Adding new capabilities often necessitates creating new metadata. But, today there’s a number of places in the Swift code that have to distinguish between metadata that the user can format to the own needs, or that must be validated as recognized and in the correct format to be consumed by system. As more features and metadata are added, it becomes harder to individually rationalize if the handling of the metadata is performing the proper validation in all cases.
Every time new metadata is added to support a feature you have to write validators. That’s not going to change. We have to protect the system from invalid input (garbage in garbage out). But, deciding where to apply the validation in Swift can require some relatively arcane knowledge about Swift internals. And still, most of the time you just piggy back on the processing for a “similar type” of metadata anyway!
By classifying metadata we can make it easier to add new metadata (and therefore new features that depend on metadata!)
To get us started David highlighted some high-level metadata classes:
- Storage System MD: Created by the storage system and consumed by the user (e.g. counters)
- System MD: Created by the user and consumed by the storage system (e.g. ACLs, Quata)
- User MD: Created by the user and consumed by the user (e.g. any regular user MD)
He gave a nod to the CDMI standards definition for influencing these classes, and got some good laughs poking fun that it might still be a good idea anyway. Ha! I totally agree, this is a good idea!
The work to do now is to identify and consolidate metadata validation and build a system that will simplify the introduction of new metadata. Working out the details will require identifying all of the metadata that Swift is currently supporting plus the known usecases where we know we want to extend and verifying that they fit into these groups. Then internally aligning the places where Swift is processing and validating metadata under these buckets.
Access Control Lists on Accounts
I think Swift’s container ACL’s do a great job of balancing simplicity and functionality. Under a container you can individually grant (or revoke) read, write or listing access based on individual users or groups identified by your auth system or the Referer (sic).
This is very awesome.
Whether your usecase is simply sharing some static content in your container with the world, or a more complex temporary granting of another authorized user the ability to upload data under your account. Swift ACL’s allow YOU to describe access to your data.
However, at the account level access is granted by the auth system. If you want a user to create containers in in a Swift account you would typically grant them the admin role for that account in your auth system.
This works well with most of the auth systems that were built with cloud systems like Swift in mind, certainly Keystone and Swauth.
But as Swift integrates with more businesses and existing auth systems it becomes apparent that it may not always be easy to update the structure in the pre-existing auth system for every new account in a highly scalable storage system that’s separating projects into thousands or even hundreds of thousands of Swift accounts!
However, in the approach outlined by David, we can add the ability to describe within Swift itself which pre-existing users or groups in the auth system have access.
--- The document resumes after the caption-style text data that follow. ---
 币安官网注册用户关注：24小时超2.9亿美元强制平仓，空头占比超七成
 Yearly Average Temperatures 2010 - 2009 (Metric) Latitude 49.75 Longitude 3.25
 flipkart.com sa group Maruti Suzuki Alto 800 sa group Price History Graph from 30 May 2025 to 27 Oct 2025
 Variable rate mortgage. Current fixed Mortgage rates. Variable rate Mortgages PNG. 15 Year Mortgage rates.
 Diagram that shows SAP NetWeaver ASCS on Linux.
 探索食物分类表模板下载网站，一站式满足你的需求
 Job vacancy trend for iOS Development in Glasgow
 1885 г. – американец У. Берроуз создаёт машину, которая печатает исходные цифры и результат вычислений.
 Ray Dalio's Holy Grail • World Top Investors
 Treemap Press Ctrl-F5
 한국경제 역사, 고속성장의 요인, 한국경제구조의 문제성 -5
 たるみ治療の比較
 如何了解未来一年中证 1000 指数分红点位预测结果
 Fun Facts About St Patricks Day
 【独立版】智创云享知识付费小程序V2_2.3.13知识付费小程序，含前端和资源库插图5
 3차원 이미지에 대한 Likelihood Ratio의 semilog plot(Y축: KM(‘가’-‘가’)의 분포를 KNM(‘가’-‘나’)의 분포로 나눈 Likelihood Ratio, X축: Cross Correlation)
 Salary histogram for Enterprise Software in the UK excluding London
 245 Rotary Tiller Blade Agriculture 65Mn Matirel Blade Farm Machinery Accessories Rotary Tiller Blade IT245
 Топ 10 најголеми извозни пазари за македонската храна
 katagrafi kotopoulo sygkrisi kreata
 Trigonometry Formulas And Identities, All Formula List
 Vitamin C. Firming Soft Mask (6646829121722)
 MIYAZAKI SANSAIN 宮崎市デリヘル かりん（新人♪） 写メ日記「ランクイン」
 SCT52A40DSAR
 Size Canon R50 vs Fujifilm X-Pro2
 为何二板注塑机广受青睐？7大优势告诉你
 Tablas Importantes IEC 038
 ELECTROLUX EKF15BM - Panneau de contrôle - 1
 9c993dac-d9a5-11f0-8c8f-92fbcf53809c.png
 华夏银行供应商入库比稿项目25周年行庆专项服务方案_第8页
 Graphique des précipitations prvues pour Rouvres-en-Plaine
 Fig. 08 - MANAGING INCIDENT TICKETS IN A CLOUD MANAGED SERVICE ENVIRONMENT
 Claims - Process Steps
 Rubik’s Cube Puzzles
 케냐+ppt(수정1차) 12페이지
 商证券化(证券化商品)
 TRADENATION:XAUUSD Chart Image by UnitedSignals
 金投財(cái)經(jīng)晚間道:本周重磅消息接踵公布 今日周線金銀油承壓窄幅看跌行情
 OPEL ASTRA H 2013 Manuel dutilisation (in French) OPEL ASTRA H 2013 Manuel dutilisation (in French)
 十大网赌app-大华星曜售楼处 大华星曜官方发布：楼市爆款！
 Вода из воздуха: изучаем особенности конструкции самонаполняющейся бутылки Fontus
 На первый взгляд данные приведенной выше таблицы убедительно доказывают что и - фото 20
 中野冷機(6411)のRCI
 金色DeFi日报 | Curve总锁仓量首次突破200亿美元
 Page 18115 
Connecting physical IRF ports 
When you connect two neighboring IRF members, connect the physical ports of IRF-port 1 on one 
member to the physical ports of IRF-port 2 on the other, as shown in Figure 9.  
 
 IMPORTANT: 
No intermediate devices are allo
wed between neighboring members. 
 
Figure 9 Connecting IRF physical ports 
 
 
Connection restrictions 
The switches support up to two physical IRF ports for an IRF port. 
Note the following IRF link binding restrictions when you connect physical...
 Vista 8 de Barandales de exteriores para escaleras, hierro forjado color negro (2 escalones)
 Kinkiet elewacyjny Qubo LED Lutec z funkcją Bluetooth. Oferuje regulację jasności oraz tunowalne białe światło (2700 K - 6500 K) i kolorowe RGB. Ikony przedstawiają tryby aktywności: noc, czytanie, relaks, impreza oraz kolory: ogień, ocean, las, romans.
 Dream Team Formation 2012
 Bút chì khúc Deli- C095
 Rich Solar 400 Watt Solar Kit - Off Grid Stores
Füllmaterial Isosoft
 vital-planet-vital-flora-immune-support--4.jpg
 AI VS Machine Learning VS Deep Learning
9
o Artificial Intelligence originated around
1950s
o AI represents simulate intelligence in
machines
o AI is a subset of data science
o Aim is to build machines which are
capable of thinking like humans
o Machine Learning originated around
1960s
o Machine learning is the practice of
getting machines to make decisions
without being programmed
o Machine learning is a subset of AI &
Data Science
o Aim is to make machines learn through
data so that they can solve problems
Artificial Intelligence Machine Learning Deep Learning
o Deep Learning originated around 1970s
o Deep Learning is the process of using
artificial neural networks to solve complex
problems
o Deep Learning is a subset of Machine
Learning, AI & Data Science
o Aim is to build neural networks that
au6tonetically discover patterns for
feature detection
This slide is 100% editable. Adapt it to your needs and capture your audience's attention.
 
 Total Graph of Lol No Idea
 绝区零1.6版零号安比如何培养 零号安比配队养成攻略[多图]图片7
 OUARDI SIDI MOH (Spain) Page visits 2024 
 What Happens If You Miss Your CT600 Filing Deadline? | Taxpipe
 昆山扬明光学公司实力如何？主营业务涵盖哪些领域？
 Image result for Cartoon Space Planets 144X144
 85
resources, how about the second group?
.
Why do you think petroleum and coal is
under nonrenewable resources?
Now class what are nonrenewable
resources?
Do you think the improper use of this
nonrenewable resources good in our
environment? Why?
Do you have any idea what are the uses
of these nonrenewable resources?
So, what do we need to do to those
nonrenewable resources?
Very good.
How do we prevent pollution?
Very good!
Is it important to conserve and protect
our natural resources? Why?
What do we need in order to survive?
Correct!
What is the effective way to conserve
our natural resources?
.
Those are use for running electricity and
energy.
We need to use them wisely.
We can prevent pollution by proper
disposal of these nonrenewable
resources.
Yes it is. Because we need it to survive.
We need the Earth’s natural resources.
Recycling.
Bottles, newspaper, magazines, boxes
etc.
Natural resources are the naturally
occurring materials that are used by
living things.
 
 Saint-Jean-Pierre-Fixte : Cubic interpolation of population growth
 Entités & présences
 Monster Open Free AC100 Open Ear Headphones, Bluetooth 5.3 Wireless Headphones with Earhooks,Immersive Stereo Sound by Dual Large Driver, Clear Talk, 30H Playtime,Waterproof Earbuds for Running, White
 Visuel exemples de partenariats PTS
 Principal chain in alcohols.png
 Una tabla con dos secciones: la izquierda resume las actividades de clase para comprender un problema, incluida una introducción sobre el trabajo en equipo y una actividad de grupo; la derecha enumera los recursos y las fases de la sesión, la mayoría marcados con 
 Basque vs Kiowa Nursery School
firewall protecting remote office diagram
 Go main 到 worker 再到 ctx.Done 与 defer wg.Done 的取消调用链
This puts the control of access to your data completely in the hands of account owner.
There’s still tons of issues to work through. Can I remove my own access to an account? Can I transfer complete ownership? As a service provider do I want to allow users to have public accounts? But I’m really excited about that work.
Elegance is Powerful
I think both of these ideas are taking existing concepts that are already in Swift and expanding them incrementally. But, personally, I’m blown away by the implications. Swift has always taken the approach of solving problems in the simplest way that solves the broadest usecases. I might even go as far to say that style of simplification is a tenant of elegance. And who doesn’t need a little more elegance in their software defined storage system?